I couldn't help but notice the super-fast warm up time too. They are either driving the ballast even harder than Polarion's HIDs, or they are using some kind of exotic new ballast that I'm not aware of.

Insight from XeRay?


----------



## SirJMD (Feb 9, 2010)

All i can say, is.. insane price.


----------



## XeRay (Feb 9, 2010)

dudemar said:


> I couldn't help but notice the super-fast warm up time too. They are either driving the ballast even harder than Polarion's HIDs, or they are using some kind of exotic new ballast that I'm not aware of.
> 
> Insight from XeRay?




I believe the startup is being done at the 50 watt setting hence the "hot" start and output. I am not privy to the performance specs beyond what is published. We only supply the ballasts and some bulbs. We have no involvement in the engineering of this finished product.


----------



## Patriot (Feb 9, 2010)

If Dan's ballasts and bulbs are being used in this particular light, not sure if they are, then at least we know it's going to be a high quality product and it explains the price point.

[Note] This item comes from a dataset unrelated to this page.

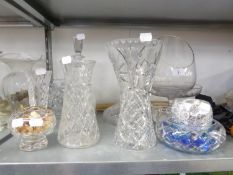 A LARGE CUT GLASS FLOWER VASE, A SMALLER VASE ON CIRCULAR FOOT, ANOTHER VASE, A CUT GLASS SHIPS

Dudemar, it didn't take the description of start up time to be faster than the Polarion, more like, similar or about the same.  In any case, that is very good!


----------



## XeRay (Feb 9, 2010)

Patriot said:


> If Dan's ballasts and bulbs are being used in this particular light, not sure if they are, then at least we know it's going to be a high quality product and it explains the price point.
> 
> 
> 
> Dudemar, it didn't take the description of start up time to be faster than the Polarion, more like, similar or about the same.  In any case, that is very good!


 
Has someone questioned if that is true ?? We do provide the ballast in this light, this is a fact. 
It is our XePuck (rear) 1/2 of our XePod. It is only the ballast 1/2 of the "XePod". The "puck" is 58 mm in diameter and 29 mm long and feeds a D1S bulb, Osram or Philips.


----------



## Patriot (Feb 9, 2010)

I read that Lemax were customers of yours in an earlier post and realized that you supplied ballasts and some bulbs. I didn't know if that also meant that you were the exclusive supplier which is why I left the caveat due to my lack of specific knowledge. I figured you'd chime in and clarify, I just didn't foresee the possibility of misunderstanding or offense. I apologize if my words were poorly chosen since the overall intent was to acknowledge the quality nature of your products. I don't take jabs at anyone and rarely refute someone unless there's a blatant and illogical bias present with some issue or topic. Hopefully that's been obvious in my track record here Dan.


----------



## XeRay (Feb 9, 2010)

Patriot said:


> I read that Lemax were customers of yours in an earlier post and realized that you supplied ballasts and some bulbs. I didn't know if that also meant that you were the exclusive supplier which is why I left the caveat due to my lack of specific knowledge. I figured you'd chime in and clarify, I just didn't foresee the possibility of misunderstanding or offense. I apologize if my words were poorly chosen since the overall intent was to acknowledge the quality nature of your products. I don't take jabs at anyone and rarely refute someone unless theirs a blatant and illogical bias present with some issue or topic. Hopefully that's been obvious in my track record here Dan.


 
I cannot absolutely say that no other ballast is possibly inside, however we continue to ship (very recently, 1 week) ballasts to Lemax. In our last visit with them, our ballast was inside that light assembly. 
Auerswald makes a cylinder ballast as well, but last I knew it was 64 mm diameter. Too large for that light.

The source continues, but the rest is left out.